| Task item |
From the line containing "75134 West Road, Butternut" through the end of the entries, please repeat every line exactly and nothing more; the pictures do not belong in the copy.

Collected data:
--

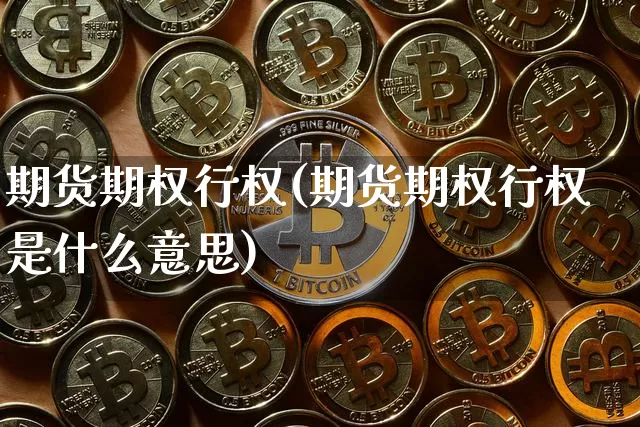期货期权行权(期货期权行权是什么意思)_https://www.hbxfywj.com_期货知识_第1张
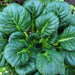 Tatsoi, Mustard, - BoxGardenSeedsLLC -Gourmet/Native Greens - Seeds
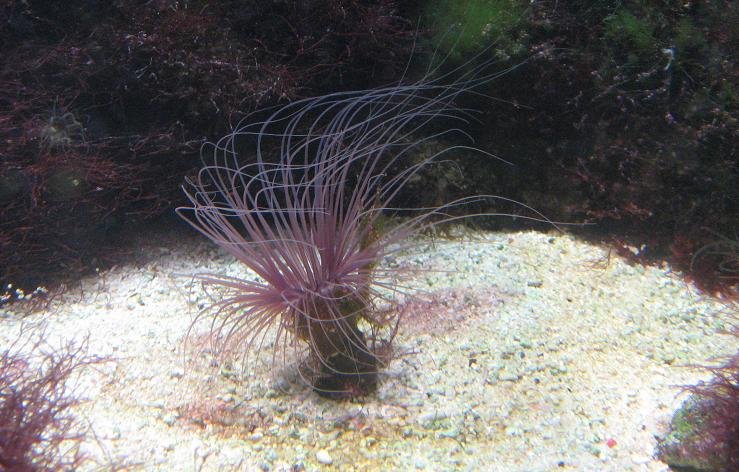 Ouwehands Dierenpark Rhenen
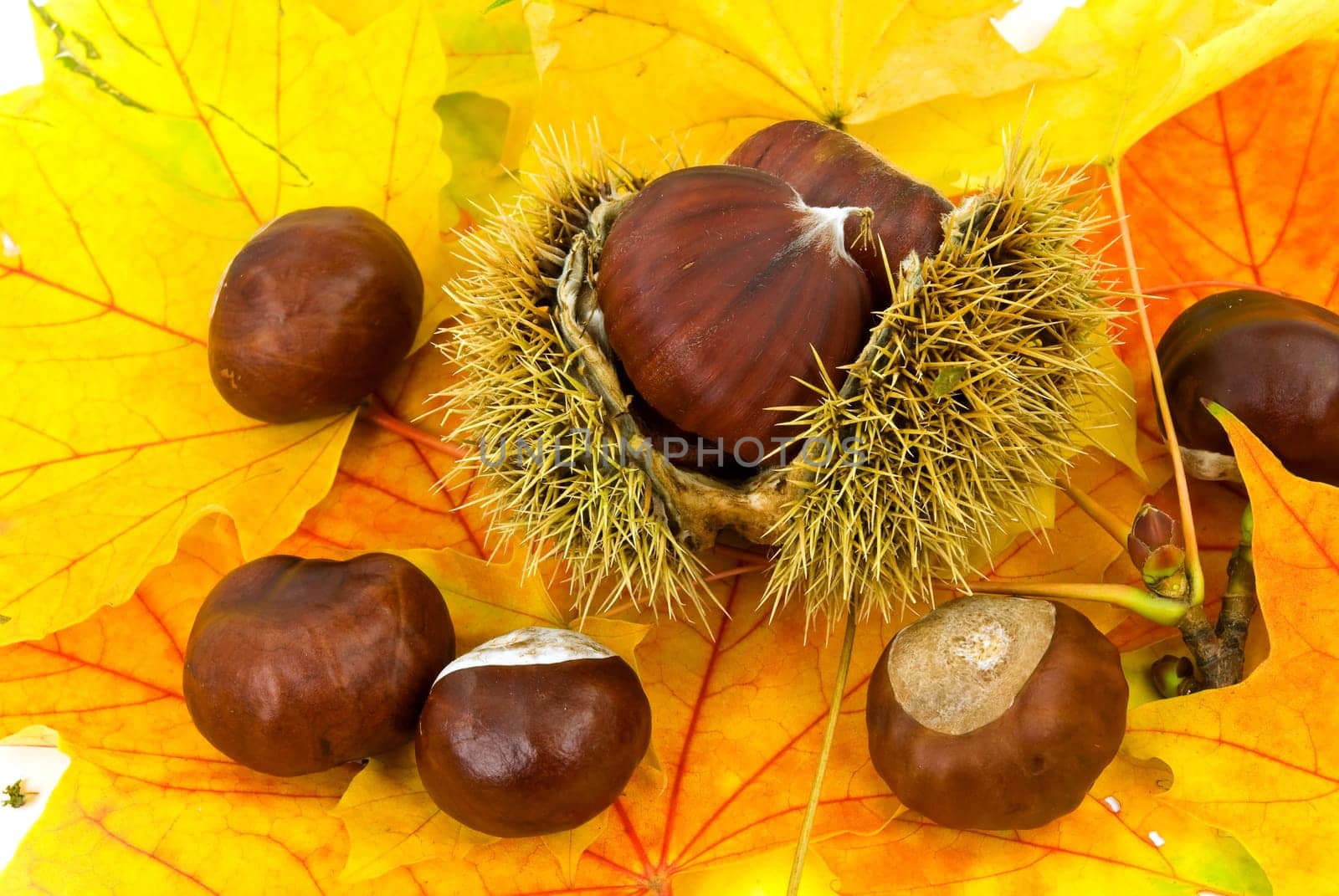 Ess - Chestnuts in October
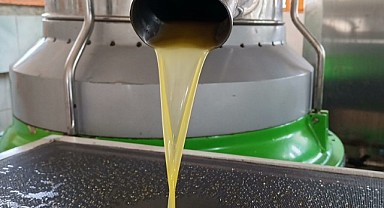 Hasadı yapılan zeytinler yağa dönüştü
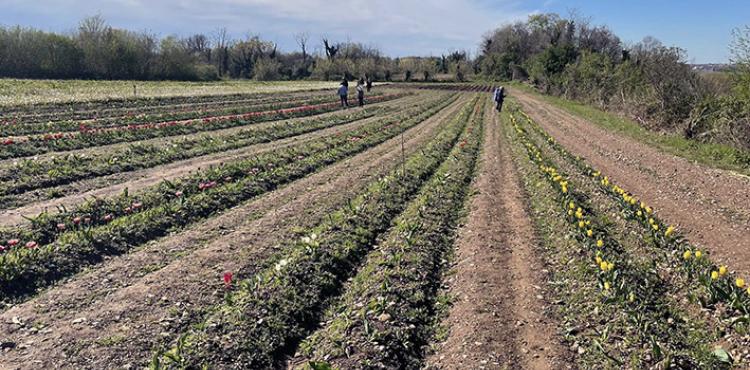 l’agroalimentare traina l’economia italiana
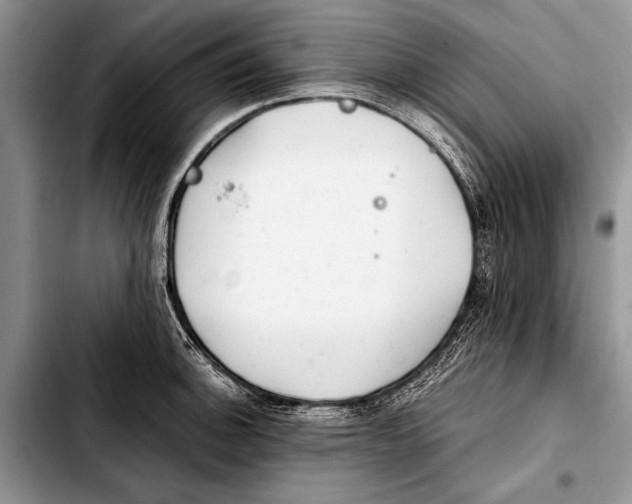 X0000103411140200810100950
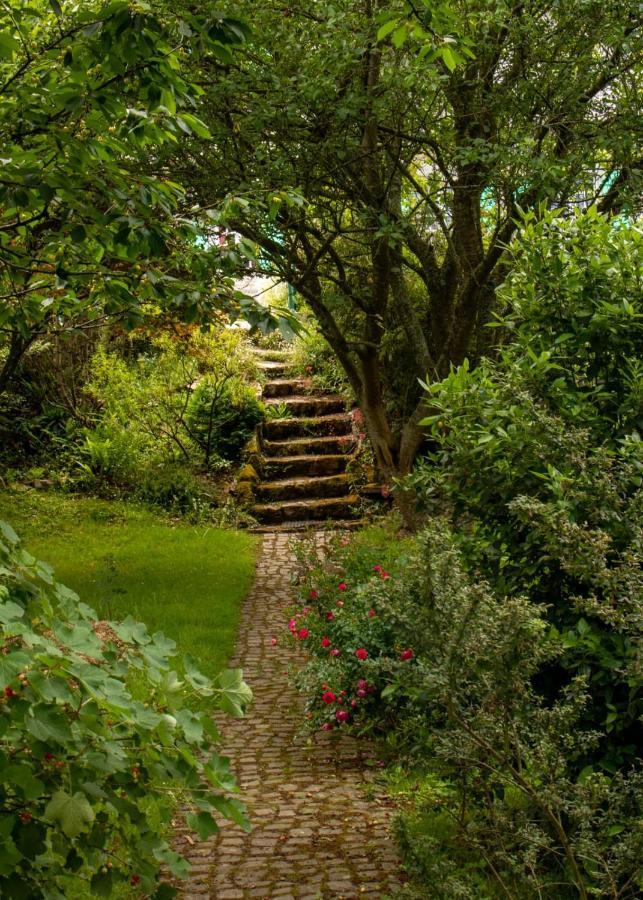 Une Suite Au Jardin Hyenville Dış mekan fotoğraf
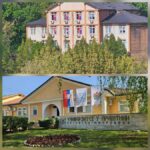 Srpske NVO i akademska zajednica…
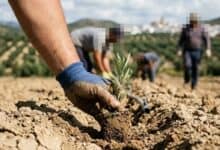 Mano con guante plantando un árbol joven en terreno agrícola para labores de reforestación o recuperación medioambiental.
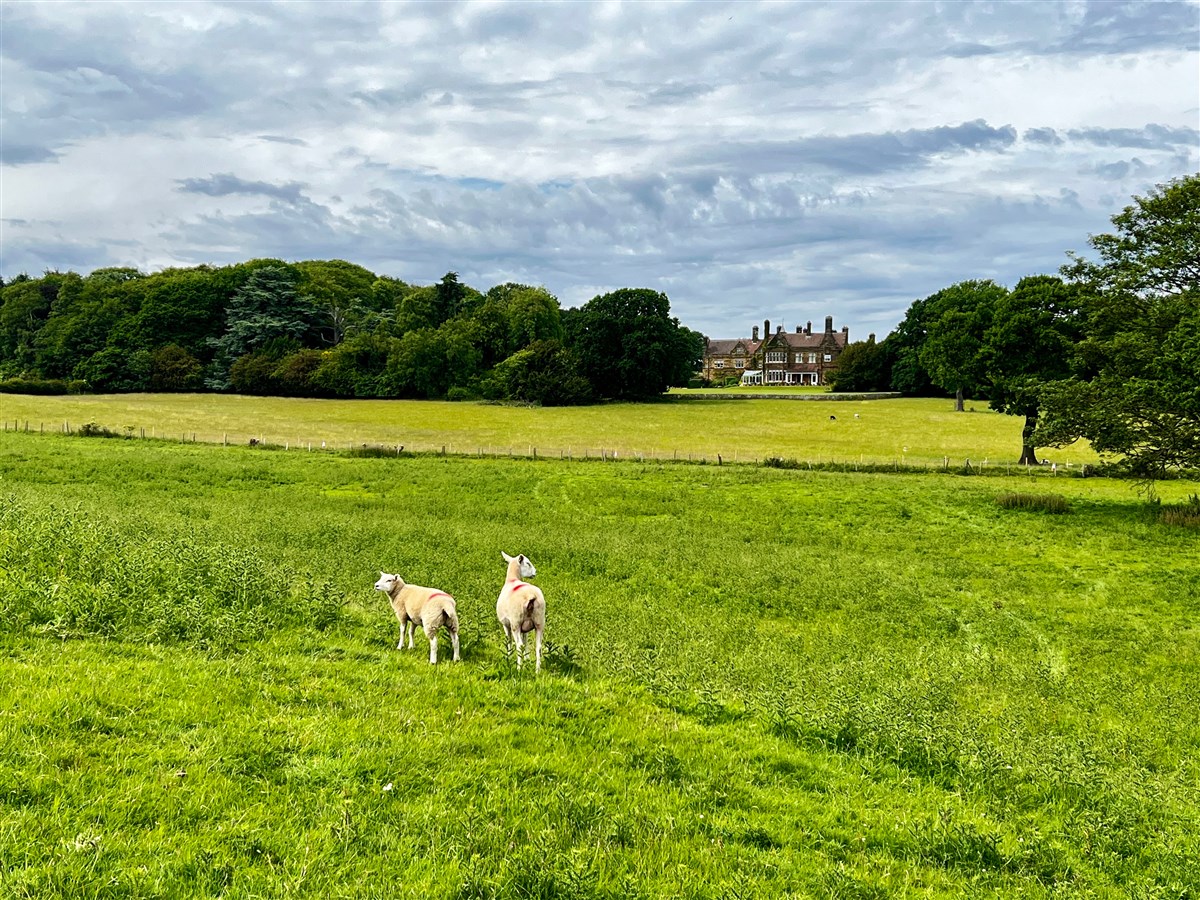 Wrea Head Hall 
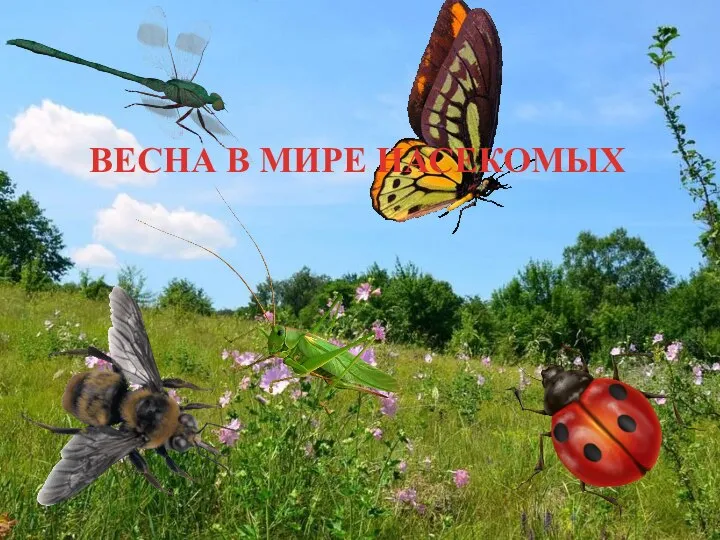 ВЕСНА В МИРЕ НАСЕКОМЫХ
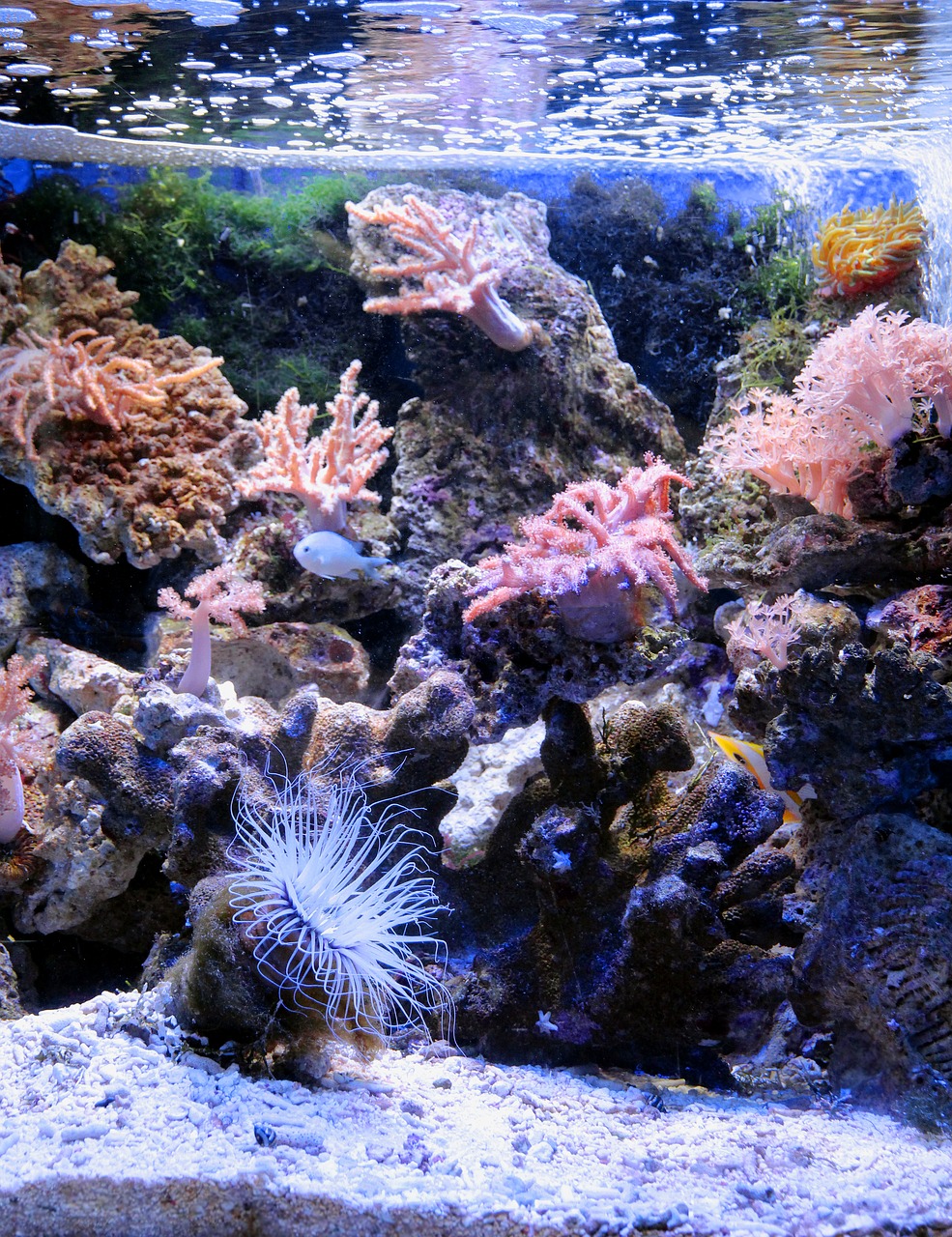 aquarium  marine aquarium  reefs free photo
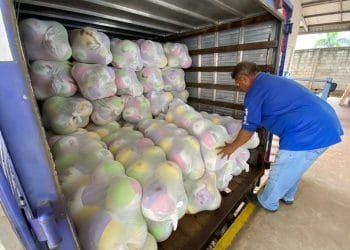 Governo de Goiás inicia entrega de meio milhão de brinquedos nos 246 municípios do Estado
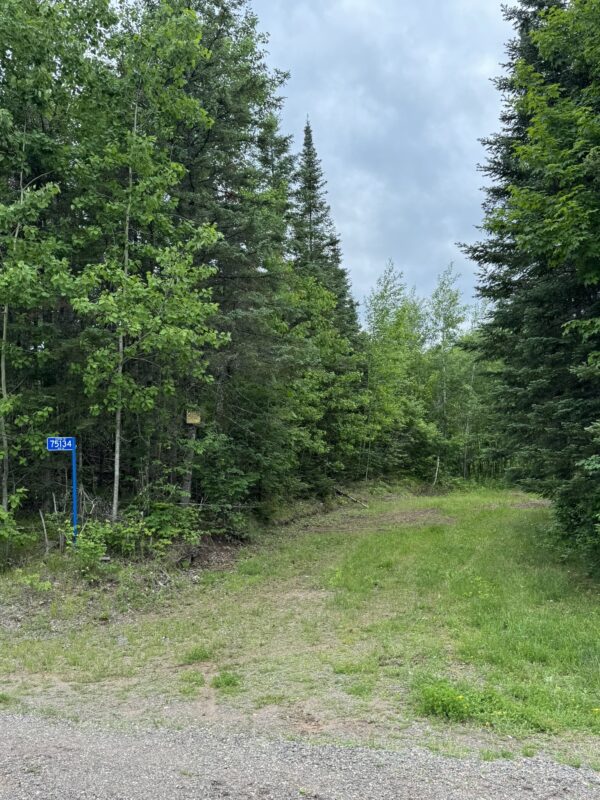 75134 West Road, Butternut WI 54514 - Land house for sale - MLS #1603092 - image4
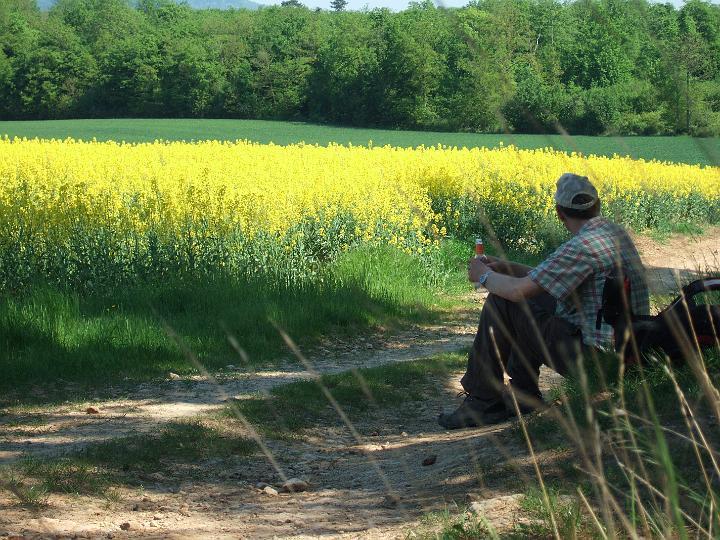 2008-05- (087).JPG - Mittagspause am Rapsfeld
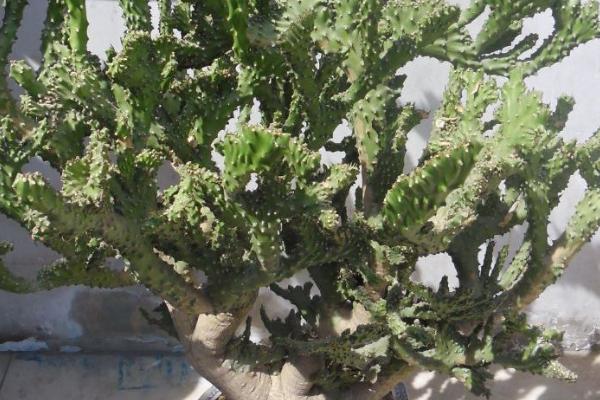 麒麟掌的养殖方法,供肥原则是宁少勿多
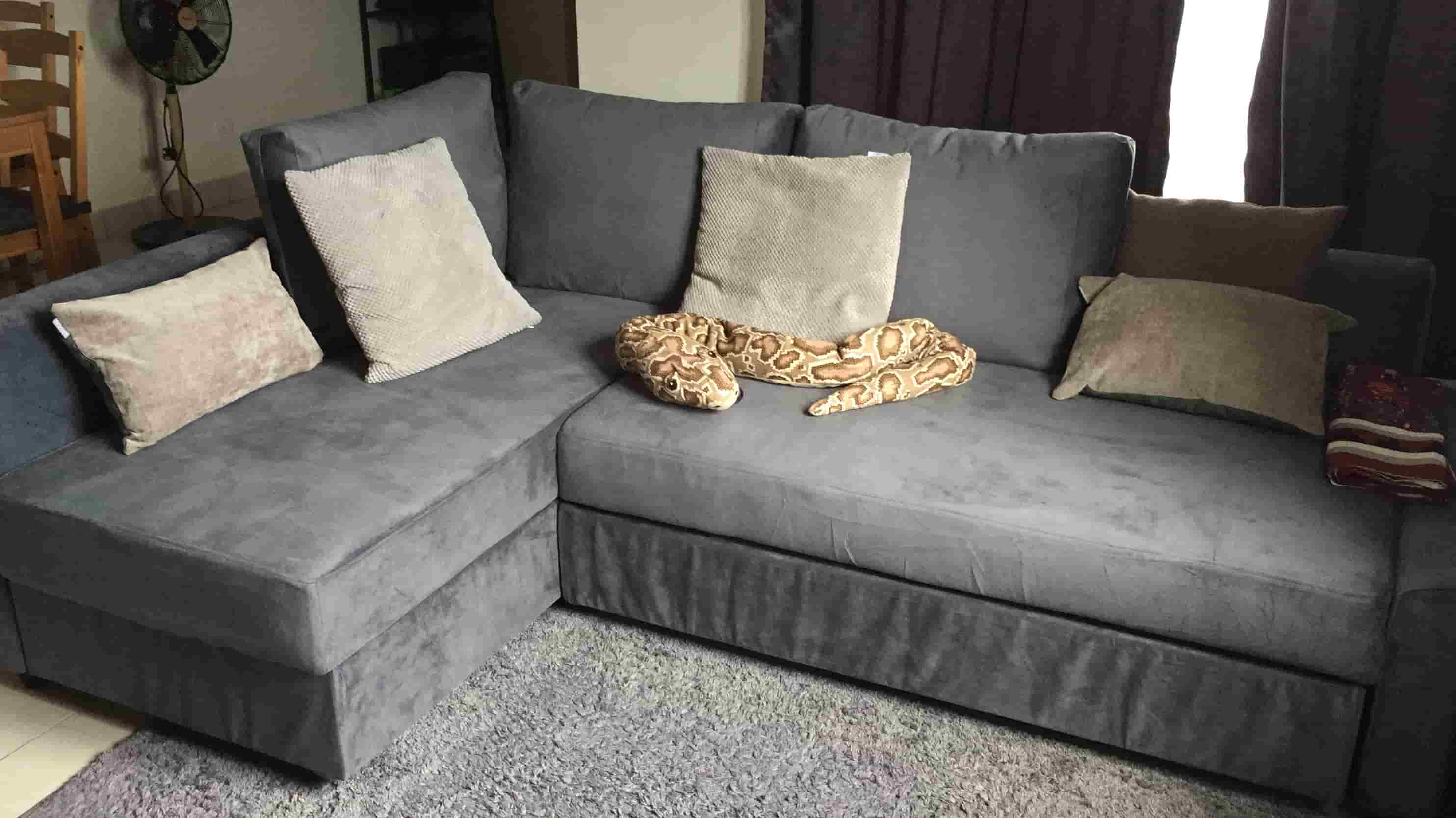 Informeer hervorming Noodlottig IKEA Friheten review – IKEA's most popular sofa bed | Comfort Works Blog &  Sofa Resources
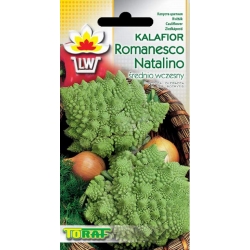 Nasiona Kalafior Romanesco piramidki Tor72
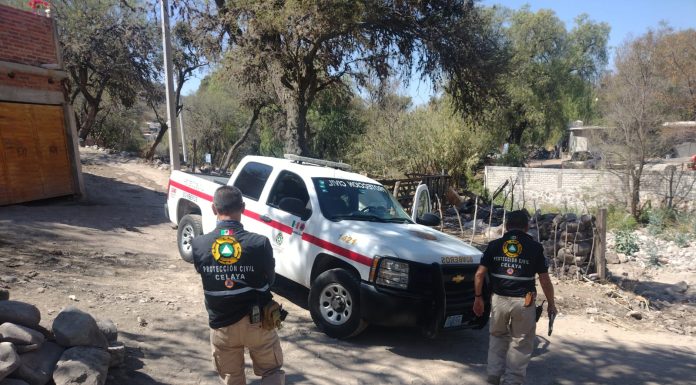 Amplían a Celaya alerta ante avistamiento de tigre en Apaseo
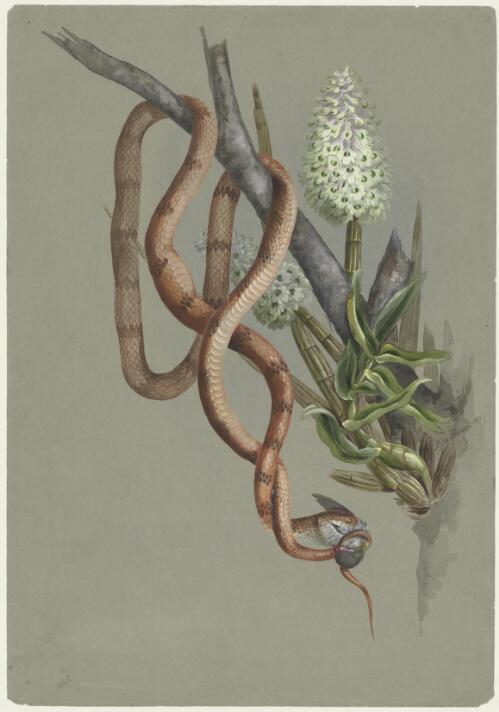 Coelandria smillieae (F.Muell.) Fitzg., family Orchidaceae and snake, Mackay, Queensland, 1887 [picture] / Ellis Rowan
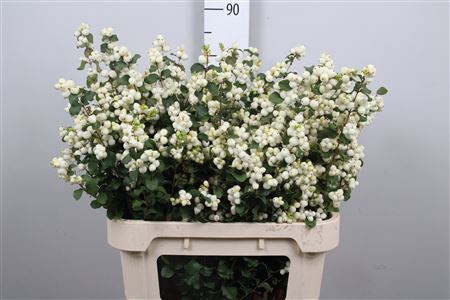 <h4>Sympho Mag Lemon Lime</h4>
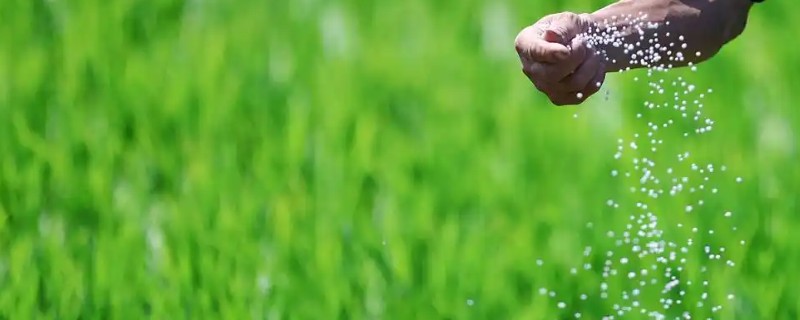 夏季秋季冬季干什么农活，秋季是收获的季节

--

| Response area |
 75134 West Road, Butternut WI 54514 - Land house for sale - MLS #1603092 - image4
 2008-05- (087).JPG - Mittagspause am Rapsfeld
 麒麟掌的养殖方法,供肥原则是宁少勿多
 Informeer hervorming Noodlottig IKEA Friheten review – IKEA's most popular sofa bed | Comfort Works Blog &  Sofa Resources
 Nasiona Kalafior Romanesco piramidki Tor72
 Amplían a Celaya alerta ante avistamiento de tigre en Apaseo
 Coelandria smillieae (F.Muell.) Fitzg., family Orchidaceae and snake, Mackay, Queensland, 1887 [picture] / Ellis Rowan
 <h4>Sympho Mag Lemon Lime</h4>
 夏季秋季冬季干什么农活，秋季是收获的季节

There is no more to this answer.